Pedaling Down Memory Lane
China was once the world’s bicycle capital, but rates of bicycle ownership slumped as the economy boomed. However, the rise of bike-sharing services in recent years seems to have reignited China’s faded passion for cycling. Veteran photojournalist Zhang Huibin takes a trip down memory lane to growing in up rural Henan province in the ‘70s and ‘80s, when the humble bicycle still reigned supreme on China’s streets.
I first rode a bicycle when I was 10 years old in 1974. My family and I went to see off my eldest brother at the train station. He was returning to his military barracks after a brief holiday. My father encouraged me to learn to ride my brother’s bicycle. “Go on, have a try,” he urged while we were on our way to the station. I put my left foot on the pedal, while pushing the bike forward with my right foot.
The 28-inch-wheel “Forever bikes” with a crossbar, were the most widely used bicycles at the time. Children who were too short to reach the seat were told to stand on one pedal and poke a leg under the crossbar to reach the other pedal. You’d pedal a little and take your leg off the other pedal, then stick it back through and pedal a little more, creeping along until you got to where you were going.
The bike-fixing expert
Brand-new bikes were rarely seen in the ‘70s, and most bikes were rickety, every part creaking except the broken bell. It was common to fix fallen pedals, broken chains, loose pegs and broken spokes, and cyclists became bike-fixing experts over time.
Foot injuries were common among cyclists. The axle that would jut out if a pedal fell off was the most dangerous component. When a bicycle started creaking because one side of the pin connecting the pedal arm to the gear crank had worn off, we would remove the pin and reverse it. The same pin would be used until it had completely worn out and snapped. Apart from this, repairing and inflating tires were also basic skills, while reattaching broken chains was reserved for the real experts. The most difficult task was changing broken spokes and making sure that all spokes were of the same length. Only veterans were able to change the steel ball bearings and the steel wire in the rear derailleur, which controls the gear system.
The ‘bike-riding men’ and ‘oily legs’
It was hard to ride on muddy roads, especially on rainy days when mud clogged the gap between the wheel and the mudguards.
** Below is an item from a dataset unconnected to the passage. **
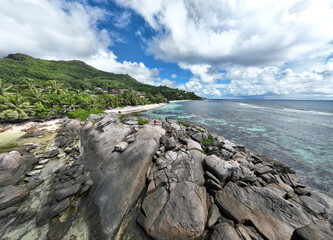 panoramic view from a drone of the sea bays and beaches on a sunny day of the Seychelles islands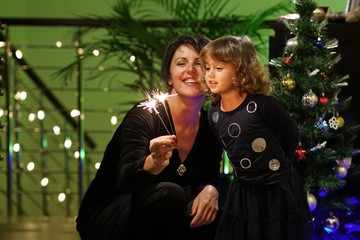 Mom and daughter play with bright stars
When the wheels would get stuck, cyclists would have to remove the mud with a stick or carry the bike on their shoulders. Often our pants got stained with the lubricating oil on bike chains because there were no chain covers, and you would end up with what we’d call “oily legs.” As time passed, we got chain covers, which evolved into chain sets, our level crossbars changed into slant frames, and heavy bikes became much lighter and more fashionable.
When I started learning photography in the early 1990s, I cycled to pig markets in nearby towns, attaching a tripod to the crossbar and putting my camera bag in a big basket. I would cycle anywhere between 5 kilometers (3.1 miles) to 50 kilometers, and my buttocks ached after the long rickety rides.
Pig farmers also cycled to the market with their scales. Big traders often came in trucks or tractors, while others rode bikes with layered baskets on each side of the bike filled with piglets.
Once I saw an old man put one piglet into a bag attached to a bike. However, the piglet died before he left the market in the scorching summer heat. He cried, “How stupid I am! How can I tell my children?”
Storytelling on bikes
Some people stood on bikes, turning them into a stage for storytelling near the Paima Street book store. Listeners would sit or stand on their own bikes.
Sometimes I would climb up on to my bike frame to take photos while some villagers held on to the bike to stabilize it. I photographed storytellers carrying drums, string instruments and trumpets to the book market, and those who waded through rivers with their bikes. The way in which bikes were used in the ‘70s was only limited by one’s imagination.
The metal “donkey”
Bikes were nicknamed “donkeys” in rural areas for their load-bearing capacity. Bikes were frequently used for transporting goods rather than carrying people in villages. One had to have the strength and dexterity of a trained circus performer to ride those “donkey bikes” laden with baskets full of goods. People also dated on bikes. You could hug your girlfriend as you zigzagged across crowded lanes with her sitting on the crossbar. It felt more magical than sitting in a racing car, because you could feel the wind in your hair.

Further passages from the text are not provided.